Start of Information supplied

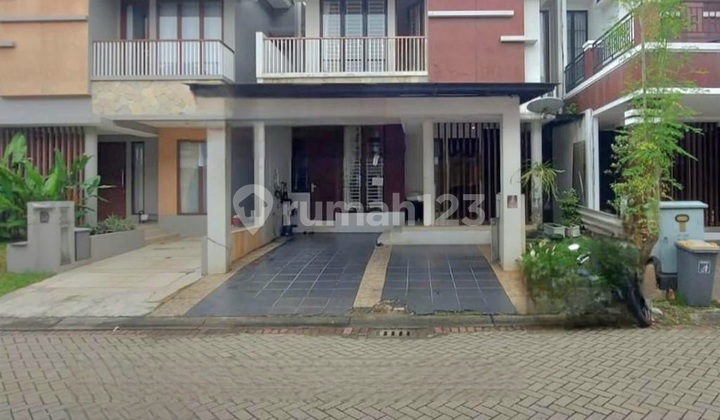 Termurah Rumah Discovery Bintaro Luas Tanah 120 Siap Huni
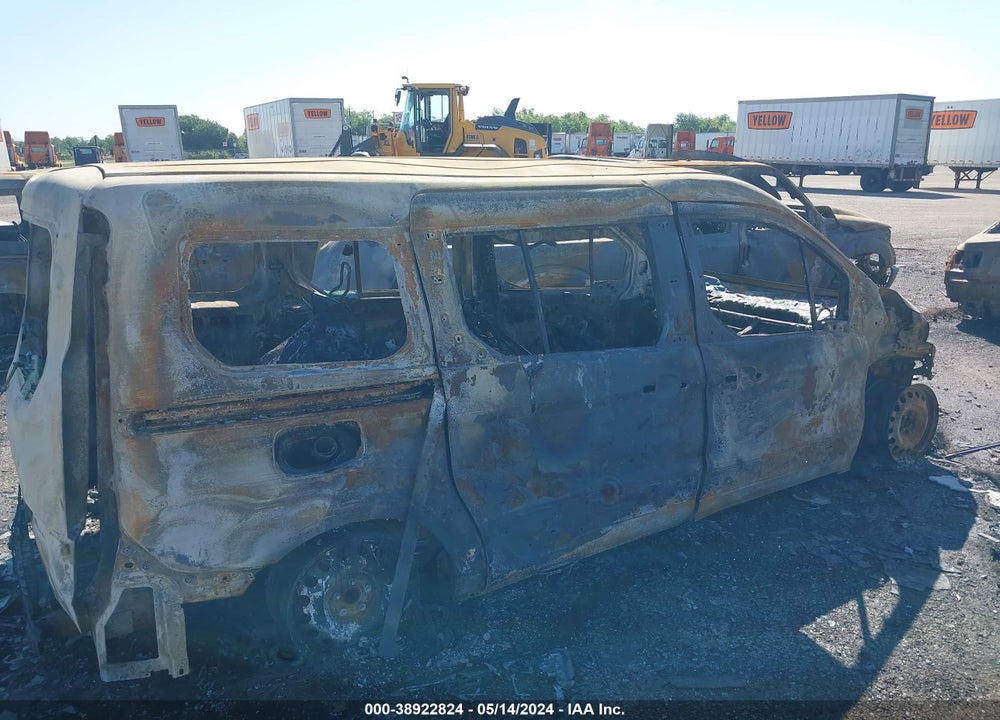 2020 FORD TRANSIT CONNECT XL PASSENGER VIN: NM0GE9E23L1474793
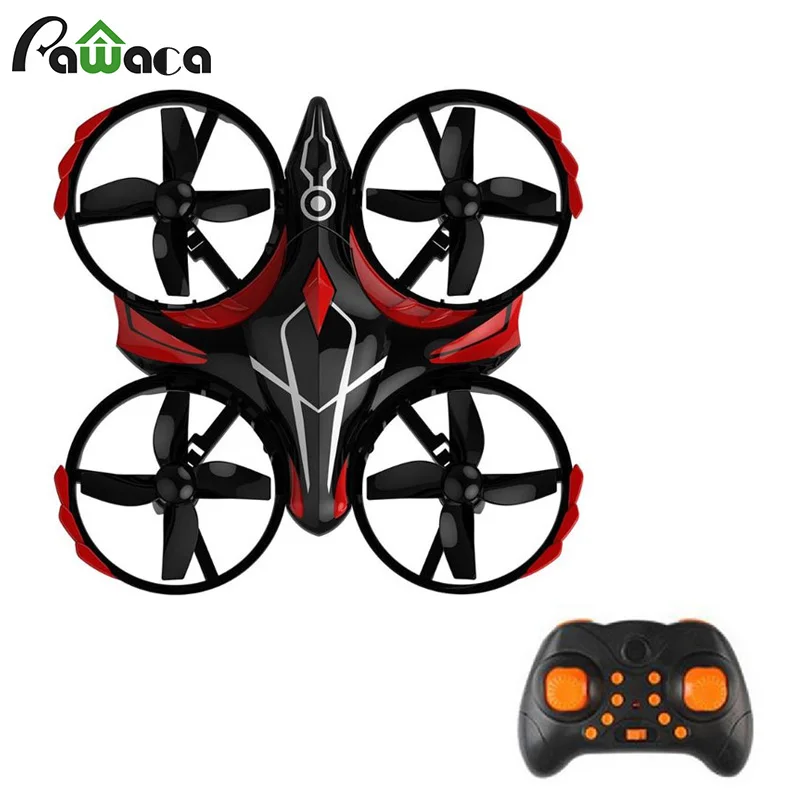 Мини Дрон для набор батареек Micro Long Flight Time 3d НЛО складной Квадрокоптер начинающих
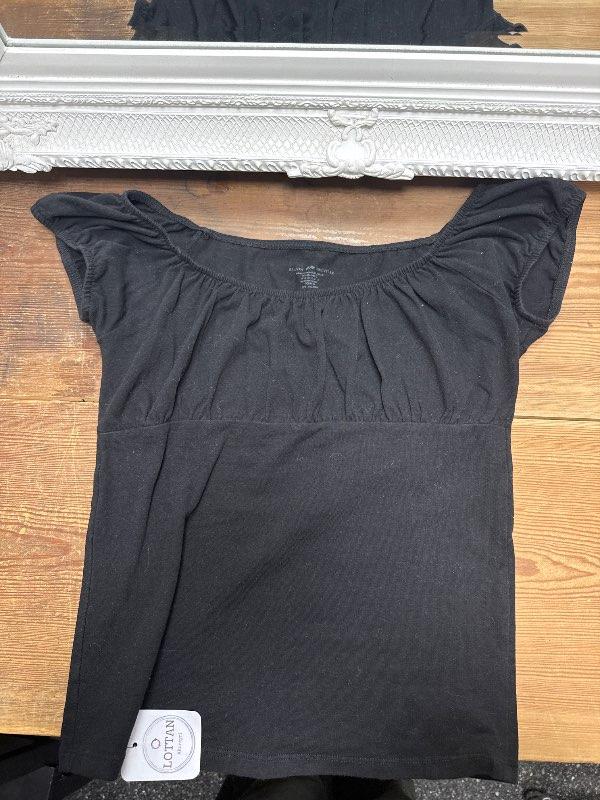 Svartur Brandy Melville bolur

End of Information supplied

• What you should do: Transcribe the data exactly, minus any images.

• Reply:
 Termurah Rumah Discovery Bintaro Luas Tanah 120 Siap Huni
 2020 FORD TRANSIT CONNECT XL PASSENGER VIN: NM0GE9E23L1474793
 Мини Дрон для набор батареек Micro Long Flight Time 3d НЛО складной Квадрокоптер начинающих
 Svartur Brandy Melville bolur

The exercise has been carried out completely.